Part 6: Results, Team Presentation, and Key Lessons Learned
Results
Overall we have evolved from a Legacy RDBMS --> DynamoDB --> DynamoDB + Kinesis Solution and here are some metrics captured:
| Metric | Legacy RDBMS Solution | DynamoDB + Kinesis Solution |
|---|---|---|
| Jobs Processed Per Day | ~200 | >500 |
| Complex Job Mix | Baseline | +30% |
| Scalability | Fixed Capacity | Horizontally Scalable |
| Data Availability | Batch-Oriented | < 5 Minutes |
| Concurrent Processing | Limited | Significantly Higher |
AWS Event Presentation
The architecture and scalability journey described in this article was also presented at an AWS community event by members of our engineering team.

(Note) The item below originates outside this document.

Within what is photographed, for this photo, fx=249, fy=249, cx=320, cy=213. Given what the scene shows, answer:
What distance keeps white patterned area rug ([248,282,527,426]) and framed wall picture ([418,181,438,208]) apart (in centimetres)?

As the Principal Architect for the platform, I had the opportunity to contribute to the overall architecture, design decisions, and technical direction of the solution. However, I consciously chose not to participate as a presenter, instead providing an opportunity for members of the team to share their work, present the challenges we faced, and showcase the engineering solutions we implemented together.
I strongly believe that creating visibility and growth opportunities for engineers is an important aspect of technical leadership. Seeing the team confidently present the architecture, lessons learned, and business outcomes to a broader audience was particularly rewarding.
You can watch the session recording here:
Session Recording: Video Presentation on AWS Events
Key Lesson
Kinesis provides an effective buffer between data producers and DynamoDB, but it should not be viewed as an unlimited queue. The overall system remains constrained by the slowest component in the pipeline. Effective capacity planning, monitoring, and automated scaling are essential to ensure that transient traffic spikes do not evolve into sustained bottlenecks.